Install in a controlled Python environment and review or pin dependency versions if reproducibility is important.

Low

#ASI02: Tool Misuse and Exploitation

What this means

Audio files submitted for processing may be relocated from their original folder.

Why it was flagged

After processing, the script moves the original audio file into a processed or failed directory. This is common for inbound batch processing, but it means transcription is not strictly read-only.

Skill content

shutil.move(str(audio_file), str(target_path))

Recommendation

Use a dedicated inbound folder or keep backups if you do not want original audio files moved.

Low

#ASI10: Rogue Agents

What this means

If watch mode is started, new audio files placed in the inbound folder may be transcribed and moved automatically.

Why it was flagged

The skill exposes a continuous monitoring mode for the inbound folder.

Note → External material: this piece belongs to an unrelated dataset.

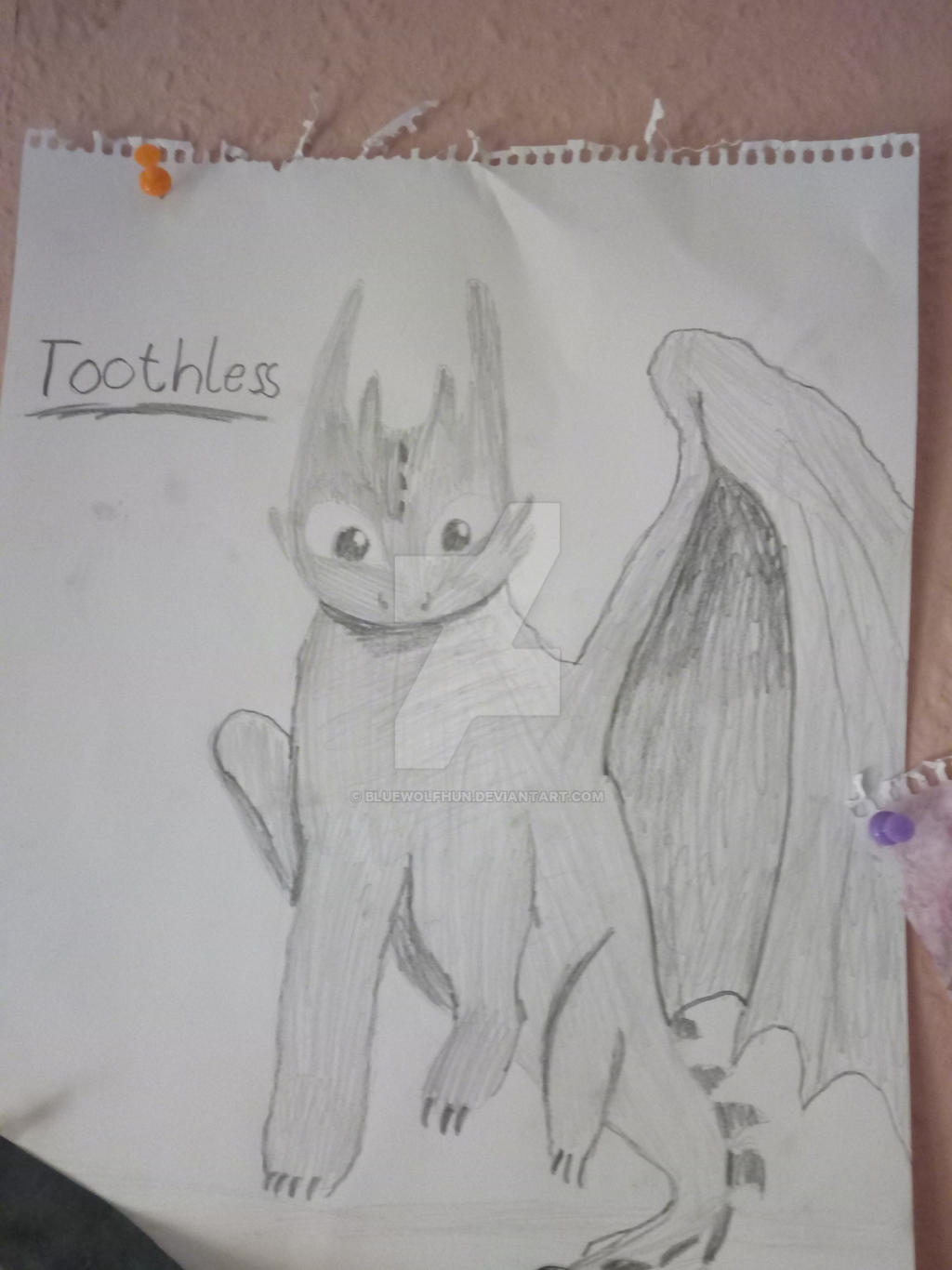 Toothless Large Drawing Toothless Drawing by BlueWolfHUN on DeviantArt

It is disclosed and purpose-aligned, but it can keep processing future files until stopped.

Skill content

- stt_watch: Inicia monitoramento contínuo da pasta inbound

Recommendation

Start watch mode only when continuous processing is desired, and stop it when finished.

Low

#ASI06: Memory and Context Poisoning

What this means

Private audio contents may be saved as readable local JSON transcript files.

Why it was flagged

The transcription output includes the audio file path and the transcribed text, which may contain private voice-message contents. This is expected for speech-to-text, but it creates persistent local records.

Skill content

'file_path': str(audio_path),
...
'text': result.get('text', '').strip()

Recommendation

Store the output directory securely and delete transcripts or logs when they are no longer needed.